- Work instructions
Below are some records; return each one exactly.

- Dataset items
========================

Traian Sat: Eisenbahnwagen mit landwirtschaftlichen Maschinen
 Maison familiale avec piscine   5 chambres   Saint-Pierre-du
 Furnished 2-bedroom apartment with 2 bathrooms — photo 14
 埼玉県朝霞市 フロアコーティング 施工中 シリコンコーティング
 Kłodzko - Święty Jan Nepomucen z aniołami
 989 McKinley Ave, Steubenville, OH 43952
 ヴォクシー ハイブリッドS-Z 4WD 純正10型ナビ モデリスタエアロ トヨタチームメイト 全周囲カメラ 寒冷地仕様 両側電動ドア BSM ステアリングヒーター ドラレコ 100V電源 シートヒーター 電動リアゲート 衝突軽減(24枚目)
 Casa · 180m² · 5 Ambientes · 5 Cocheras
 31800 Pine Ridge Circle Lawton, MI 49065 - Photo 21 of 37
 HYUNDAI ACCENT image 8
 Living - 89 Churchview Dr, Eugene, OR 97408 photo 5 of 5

========================

- Written response
Traian Sat: Eisenbahnwagen mit landwirtschaftlichen Maschinen
 Maison familiale avec piscine   5 chambres   Saint-Pierre-du
 Furnished 2-bedroom apartment with 2 bathrooms — photo 14
 埼玉県朝霞市 フロアコーティング 施工中 シリコンコーティング
 Kłodzko - Święty Jan Nepomucen z aniołami
 989 McKinley Ave, Steubenville, OH 43952
 ヴォクシー ハイブリッドS-Z 4WD 純正10型ナビ モデリスタエアロ トヨタチームメイト 全周囲カメラ 寒冷地仕様 両側電動ドア BSM ステアリングヒーター ドラレコ 100V電源 シートヒーター 電動リアゲート 衝突軽減(24枚目)
 Casa · 180m² · 5 Ambientes · 5 Cocheras
 31800 Pine Ridge Circle Lawton, MI 49065 - Photo 21 of 37
 HYUNDAI ACCENT image 8
 Living - 89 Churchview Dr, Eugene, OR 97408 photo 5 of 5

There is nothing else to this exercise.